Prices have not yet been confirmed, but the ID 3 is likely to be at the top of the EV hatchback class, with the entry-level model (with a 58 kWh battery) costing just under £30,000 (after PiCG) and the 77 kWh version, which should be able to withstand 300 miles in the real world, would cost closer to £35,000.
The all-electric version 208 super mini is one of several compact electric cars of PSA Group that will appear on the market this year. As it was written, it was the only one (next to the corresponding DS3 Crossback E-Tense and Vauxhall Corsa-e) that we drove on the roads of the UK. And for the combination of a useful range, performance, value, practicality, style, perceived quality and attractiveness for the driver, it clearly deserves to be shown to the best advantage if you buy your first electric car this year.
Unlike cheaper EVs with low rentals, the materially rich interior of the car distinguishes it as clearly as the stylish body. Practicality is on par with the Renault Zoe and is better than that of Mini Electric, sophistication surpasses both key competitors, and performance is quite strong.
The car drives with the flexibility not found in some small EVs, which often have difficulty keeping the body weight on the road. The steering wheel steers with striking straightforwardness, although body control is slightly impaired if you drive with great enthusiasm. Nevertheless, it is the roundness of driving that makes the e-208 really impressive.
The real distance is good for 170 miles of mixed driving, although it can be a bit lower if you spend long periods of time at highway speeds. For a car of this size and at this price it is commendable.
Hyundai Kona Electric 64kWh
Until recently, the electric car, which combined a real 300-mile range of daily use with a price of up to £30,000, seemed awfully far away. However, Hyundai Kona Electric made it a reality just a couple of years ago, which was a real coup for its budding Korean manufacturer.
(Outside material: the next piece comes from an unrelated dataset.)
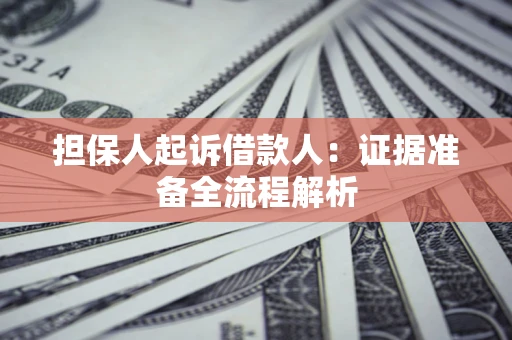 武汉担保人起诉借款人：证据准备全流程解析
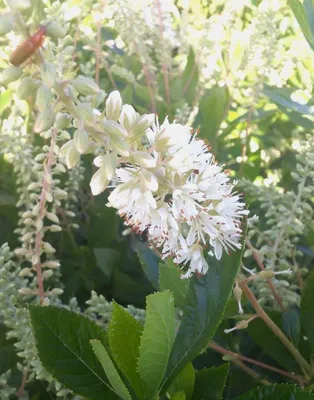 Immagine prodotto di Silberkerzenstrauch (Clethra alnifolia) varietà "Hummingbird", altezza 60-80 cm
With what should have been a significant competitive advantage for buying batteries, Hyundai took this car to the road with a greater advantage on board the electric storage than many of the cars, he competed with this list. This is enough for more than 250 miles of range at typical UK highway speeds, or more than 300 miles at a slightly slower clip or around the city. And, in this car, it comes with much more powerful acceleration characteristics than its closest rivals. Kona Electric is fast enough even to live with some hot hatchbacks away from traffic lights.
The fact that the interior of the car is slightly restrained, restrictive, does not quite correspond to a full-size family hatchback in practicality, is a little disappointing. In addition, there is some frustration with the car’s ride and handling, which seems to be somewhat compromised by its weight and the low friction tires it uses. But if you want to go beyond the small range, this is most likely the place where you can get it.
Mini has long been preparing to enter the electric car market, but now that it has finally arrived, it has certainly brought all the fun you expect from the brand – although packaged with a few equally typical usability restrictions.
Based exclusively on the three-door Mini body, the Mini Electric takes the transmission from the BMW i3S, giving it a very healthy 181 hp and 199 lb of torque. Performance is significantly higher than many cars you could compare it to on this list, and handling is exciting and muscular, as well as maneuverability in the strong dynamic tradition of the Mini brand.
Range – that’s the problem. The Mini qualifies for 144 miles; in reality, depending on how and where you ride it, you’re likely to get 100 to 120 miles. And that’s in a car with a pretty small trunk, the rear seats of which are hard to reach and hardly usable by anyone but small children anyway.
Obviously, this is not a “universal” kind of electric offer, but the price is surprisingly competitive, and if its limitations do not bother you, maybe the car itself to show you how rewarded an electric motor can be.